_WHAT THIS TASK INVOLVES_
Could the data below please be reproduced word for word, without the pictures?

╭─ INFORMATION GIVEN

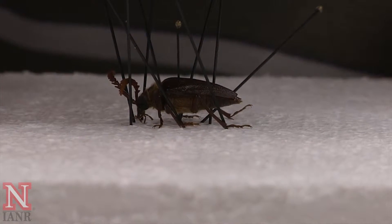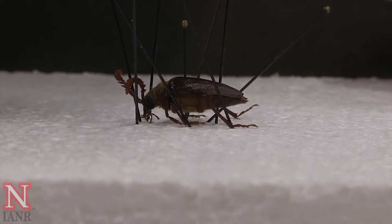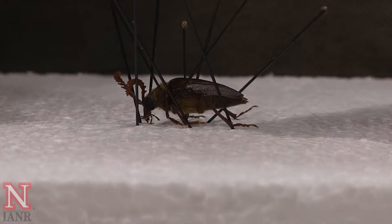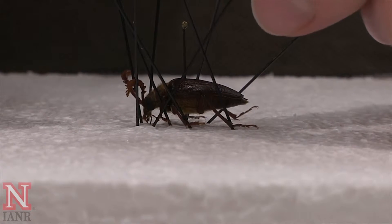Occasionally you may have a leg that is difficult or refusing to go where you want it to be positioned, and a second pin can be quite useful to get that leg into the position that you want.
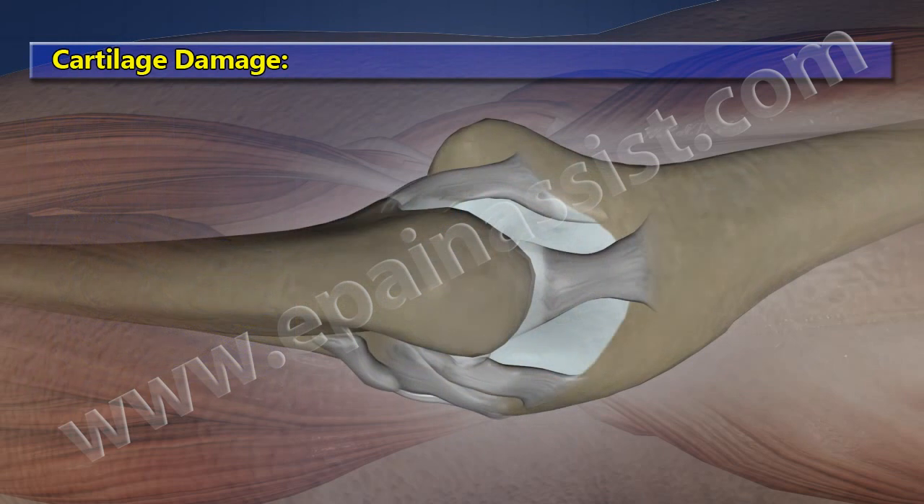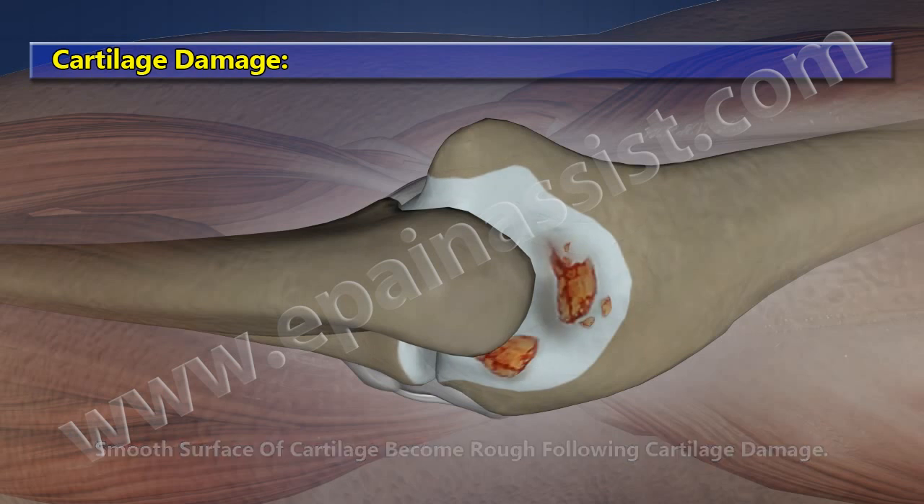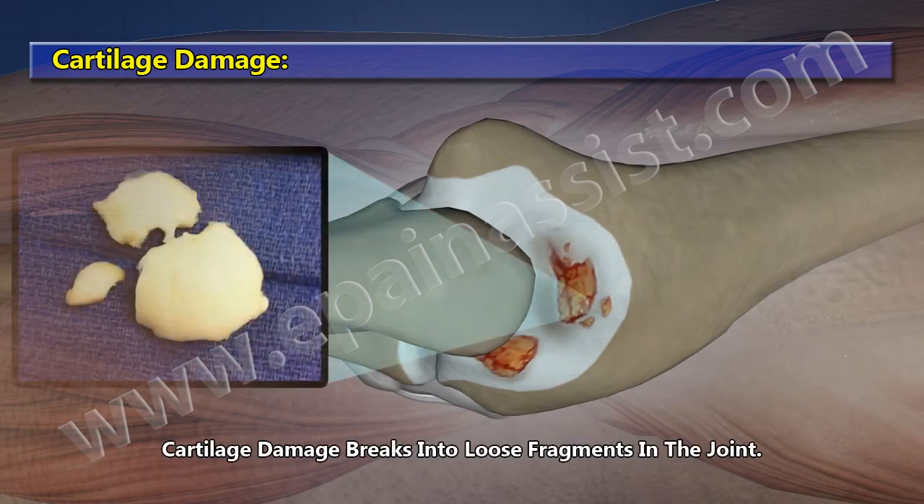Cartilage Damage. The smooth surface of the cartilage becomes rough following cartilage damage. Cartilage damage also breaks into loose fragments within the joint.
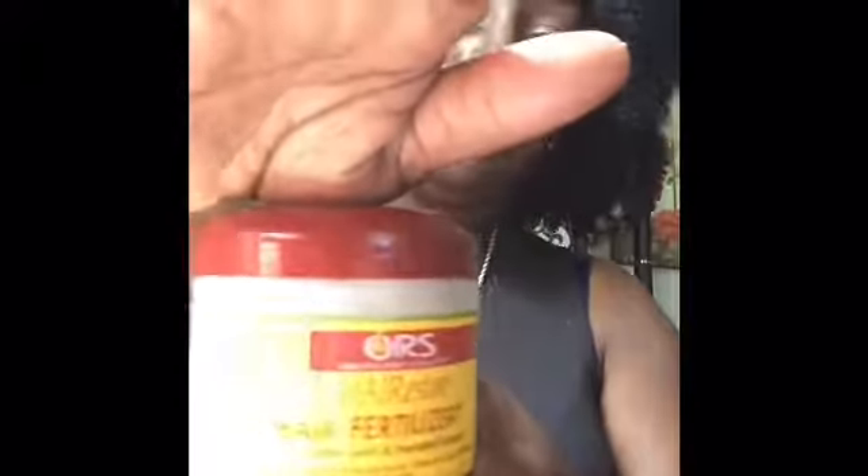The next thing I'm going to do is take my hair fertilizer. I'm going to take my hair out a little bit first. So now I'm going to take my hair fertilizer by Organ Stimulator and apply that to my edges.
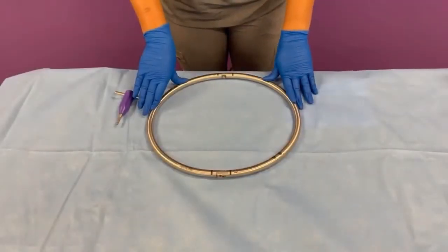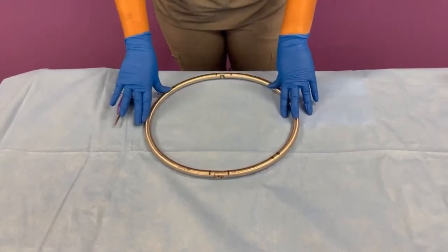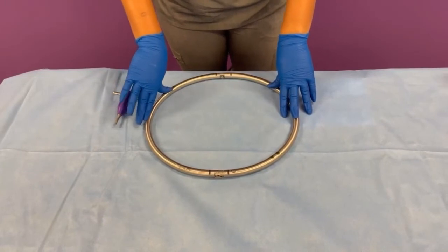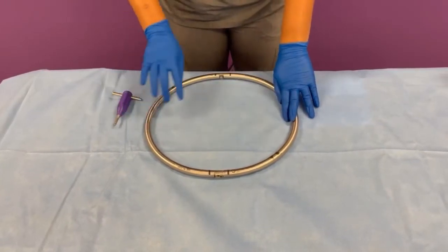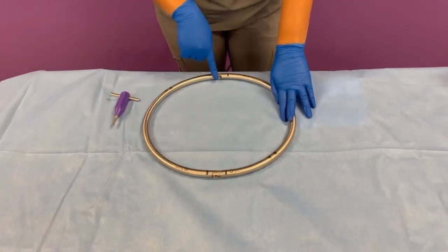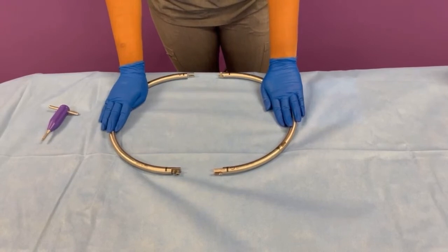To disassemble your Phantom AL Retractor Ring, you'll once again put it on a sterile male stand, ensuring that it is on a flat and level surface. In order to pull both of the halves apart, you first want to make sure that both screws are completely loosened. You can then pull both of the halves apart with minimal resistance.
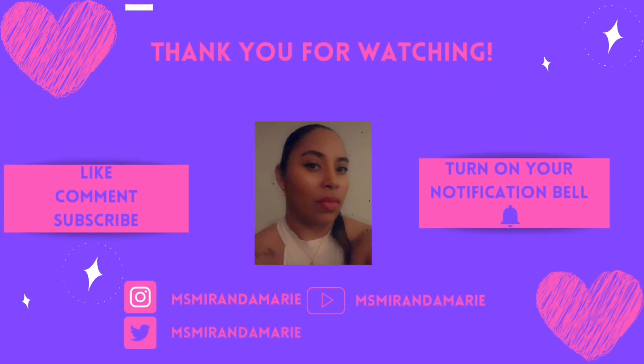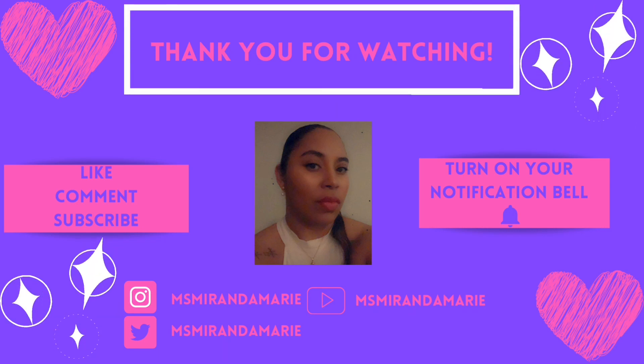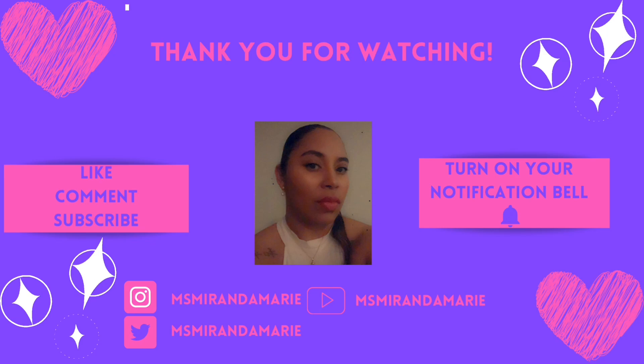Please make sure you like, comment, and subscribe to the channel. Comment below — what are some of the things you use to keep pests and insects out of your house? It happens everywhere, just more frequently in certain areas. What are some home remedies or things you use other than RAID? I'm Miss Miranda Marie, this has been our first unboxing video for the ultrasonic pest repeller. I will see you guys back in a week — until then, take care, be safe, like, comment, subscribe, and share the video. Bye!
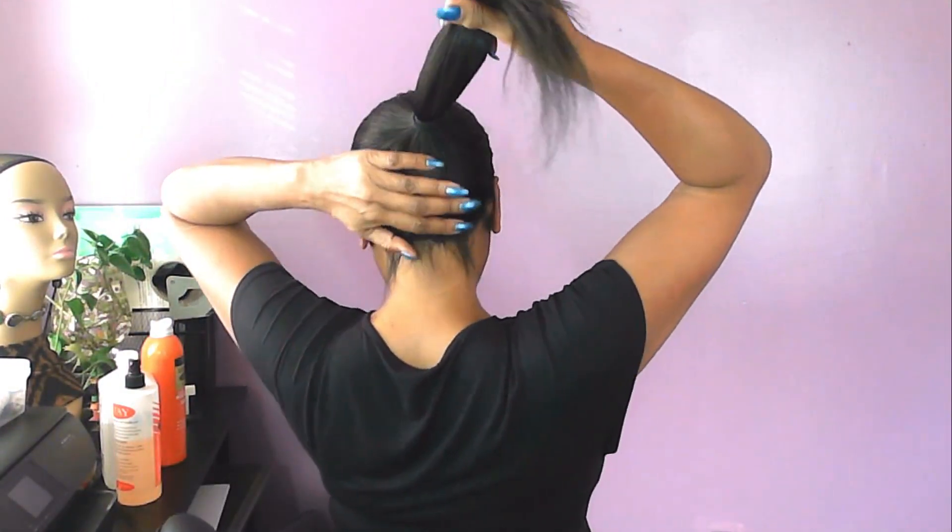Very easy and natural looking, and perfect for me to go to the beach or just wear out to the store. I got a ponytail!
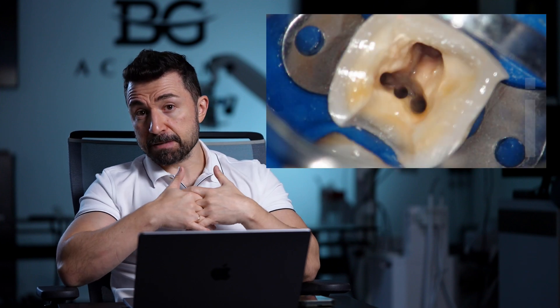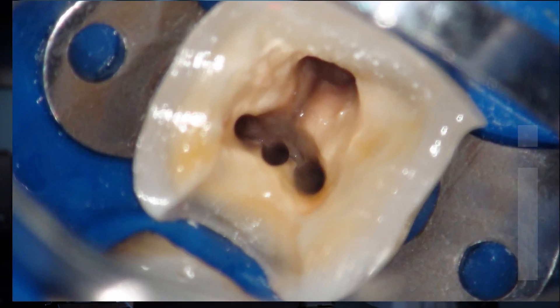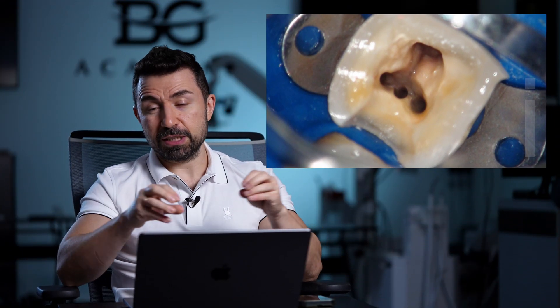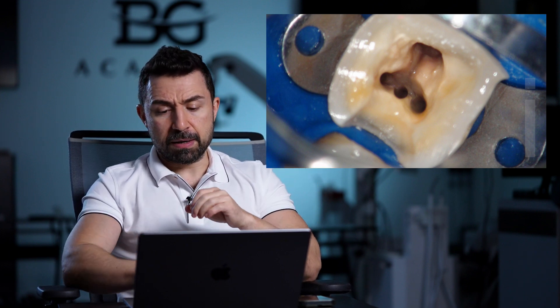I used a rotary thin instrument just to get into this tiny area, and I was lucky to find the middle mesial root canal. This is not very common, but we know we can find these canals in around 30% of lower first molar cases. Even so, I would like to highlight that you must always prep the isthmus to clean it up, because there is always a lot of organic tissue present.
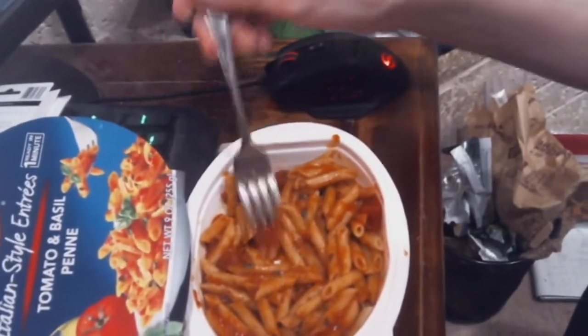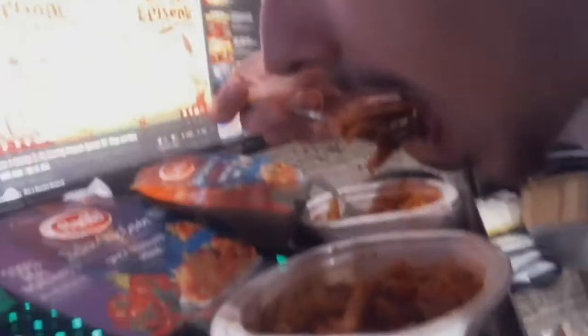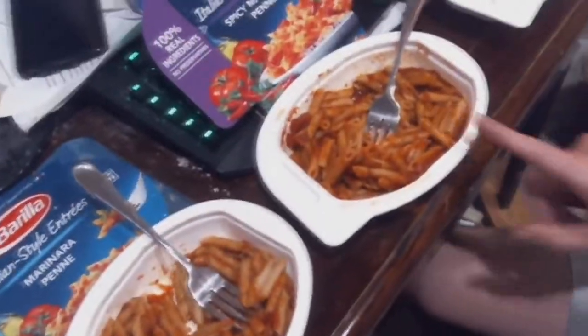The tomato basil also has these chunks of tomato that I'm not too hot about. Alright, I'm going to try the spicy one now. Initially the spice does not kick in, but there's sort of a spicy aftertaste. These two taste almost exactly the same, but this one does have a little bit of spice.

╰─

_SOLUTION FOR THIS PROBLEM_
Occasionally you may have a leg that is difficult or refusing to go where you want it to be positioned, and a second pin can be quite useful to get that leg into the position that you want.
Cartilage Damage. The smooth surface of the cartilage becomes rough following cartilage damage. Cartilage damage also breaks into loose fragments within the joint.
The next thing I'm going to do is take my hair fertilizer. I'm going to take my hair out a little bit first. So now I'm going to take my hair fertilizer by Organ Stimulator and apply that to my edges.
To disassemble your Phantom AL Retractor Ring, you'll once again put it on a sterile male stand, ensuring that it is on a flat and level surface. In order to pull both of the halves apart, you first want to make sure that both screws are completely loosened. You can then pull both of the halves apart with minimal resistance.
Please make sure you like, comment, and subscribe to the channel. Comment below — what are some of the things you use to keep pests and insects out of your house? It happens everywhere, just more frequently in certain areas. What are some home remedies or things you use other than RAID? I'm Miss Miranda Marie, this has been our first unboxing video for the ultrasonic pest repeller. I will see you guys back in a week — until then, take care, be safe, like, comment, subscribe, and share the video. Bye!
Very easy and natural looking, and perfect for me to go to the beach or just wear out to the store. I got a ponytail!
I used a rotary thin instrument just to get into this tiny area, and I was lucky to find the middle mesial root canal. This is not very common, but we know we can find these canals in around 30% of lower first molar cases. Even so, I would like to highlight that you must always prep the isthmus to clean it up, because there is always a lot of organic tissue present.
The tomato basil also has these chunks of tomato that I'm not too hot about. Alright, I'm going to try the spicy one now. Initially the spice does not kick in, but there's sort of a spicy aftertaste. These two taste almost exactly the same, but this one does have a little bit of spice.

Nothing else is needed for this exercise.